Ана непонятно с чего приуныла, она все кусала нижнюю губу, пухлую, упругую, пока не перемазала зубы губной помадой. Он уже собрался сказать ей об этом, но передумал.
– Прочла что-нибудь стоящее за последнее время?
– Не-а, – ответила она. – А ты?
– Я сейчас читаю «Дюну».[22]
– Ага, – кивнула Ана. – Терпеть не могу эту книгу.
Они добрались до съезда на Элизабет, подлинной достопримечательности Нью-Джерси – промышленные отходы по обе стороны магистрали. Оскар перестал дышать, пытаясь уберечься от мерзких испарений, но Ана вдруг издала вопль, который вжал его в дверцу машины.
– Элизабет! – вопила она. – Сожми, на хрен, ноги!
Глянула на него, вскинула голову и рассмеялась.
Дома его поджидала сестра.
– Ну?
– Что ну?
– Ты ее трахнул?
– Господи, Лола, – покраснел он.
– Не ври мне.
– Я не из тех, кто торопит события.
Он умолк, вздохнул. Иными словами, я даже шарфа с нее не снял.
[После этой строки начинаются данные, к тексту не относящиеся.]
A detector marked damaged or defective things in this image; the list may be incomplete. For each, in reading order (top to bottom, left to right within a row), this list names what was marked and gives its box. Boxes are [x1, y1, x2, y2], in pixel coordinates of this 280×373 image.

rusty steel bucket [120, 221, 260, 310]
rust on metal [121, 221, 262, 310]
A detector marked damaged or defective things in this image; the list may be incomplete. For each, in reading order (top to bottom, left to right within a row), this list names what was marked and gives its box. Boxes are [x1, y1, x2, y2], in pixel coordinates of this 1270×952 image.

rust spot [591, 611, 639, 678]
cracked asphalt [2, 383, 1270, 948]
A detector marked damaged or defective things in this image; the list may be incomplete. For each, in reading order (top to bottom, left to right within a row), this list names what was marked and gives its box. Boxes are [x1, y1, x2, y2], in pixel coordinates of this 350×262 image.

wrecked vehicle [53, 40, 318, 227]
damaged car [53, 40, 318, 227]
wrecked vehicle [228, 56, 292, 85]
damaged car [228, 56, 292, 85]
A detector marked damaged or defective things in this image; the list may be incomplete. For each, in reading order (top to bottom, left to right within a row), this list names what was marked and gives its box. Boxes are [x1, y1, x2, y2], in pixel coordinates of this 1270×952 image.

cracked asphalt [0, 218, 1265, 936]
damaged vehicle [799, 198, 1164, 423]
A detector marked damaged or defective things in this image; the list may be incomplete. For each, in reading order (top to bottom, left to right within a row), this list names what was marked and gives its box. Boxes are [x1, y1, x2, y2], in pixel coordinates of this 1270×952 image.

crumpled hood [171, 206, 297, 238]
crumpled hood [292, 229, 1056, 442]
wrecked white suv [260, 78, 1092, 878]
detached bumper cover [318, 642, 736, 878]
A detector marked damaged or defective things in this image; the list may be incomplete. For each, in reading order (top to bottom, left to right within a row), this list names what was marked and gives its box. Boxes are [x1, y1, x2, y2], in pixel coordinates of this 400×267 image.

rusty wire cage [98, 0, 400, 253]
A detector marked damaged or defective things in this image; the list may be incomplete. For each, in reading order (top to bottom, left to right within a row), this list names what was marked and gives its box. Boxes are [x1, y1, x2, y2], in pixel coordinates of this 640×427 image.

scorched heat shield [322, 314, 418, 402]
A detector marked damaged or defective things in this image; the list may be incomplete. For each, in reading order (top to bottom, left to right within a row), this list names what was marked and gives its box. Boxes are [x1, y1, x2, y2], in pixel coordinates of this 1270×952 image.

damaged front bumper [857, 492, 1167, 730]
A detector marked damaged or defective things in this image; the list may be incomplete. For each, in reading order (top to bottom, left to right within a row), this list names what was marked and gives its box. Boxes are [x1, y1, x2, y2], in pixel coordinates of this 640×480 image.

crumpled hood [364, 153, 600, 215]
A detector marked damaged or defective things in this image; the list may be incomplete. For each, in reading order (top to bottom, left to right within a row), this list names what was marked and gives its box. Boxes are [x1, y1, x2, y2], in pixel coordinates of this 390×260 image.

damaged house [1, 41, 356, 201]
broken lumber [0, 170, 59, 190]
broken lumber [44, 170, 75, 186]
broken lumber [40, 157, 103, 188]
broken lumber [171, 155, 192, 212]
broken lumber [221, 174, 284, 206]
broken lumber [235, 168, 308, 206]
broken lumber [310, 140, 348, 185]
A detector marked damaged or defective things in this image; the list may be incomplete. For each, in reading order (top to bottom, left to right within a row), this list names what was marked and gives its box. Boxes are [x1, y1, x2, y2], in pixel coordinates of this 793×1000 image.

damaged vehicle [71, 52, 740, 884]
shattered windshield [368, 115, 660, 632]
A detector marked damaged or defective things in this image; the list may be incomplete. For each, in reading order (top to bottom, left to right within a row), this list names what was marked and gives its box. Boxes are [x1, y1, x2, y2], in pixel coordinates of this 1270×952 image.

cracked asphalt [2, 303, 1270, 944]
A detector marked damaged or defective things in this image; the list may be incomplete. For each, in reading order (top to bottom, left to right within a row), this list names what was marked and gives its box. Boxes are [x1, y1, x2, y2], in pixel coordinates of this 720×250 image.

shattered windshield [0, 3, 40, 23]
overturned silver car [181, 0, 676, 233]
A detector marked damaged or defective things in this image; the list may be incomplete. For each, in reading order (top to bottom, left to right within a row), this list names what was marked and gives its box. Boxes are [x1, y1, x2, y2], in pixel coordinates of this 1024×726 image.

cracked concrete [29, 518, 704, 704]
– Верится с трудом. Знаю я вас, доминиканских парней. – Лола подняла руки и начала сгибать пальцы с шутливой свирепостью. – Вы ребята хваткие.
На следующее утро он проснулся с таким ощущением, будто жир стек с него, стек в тартарары и он будто дочиста отмылся от своей беды, и сперва он долго не мог сообразить, откуда это чувство, а потом произнес вслух ее имя.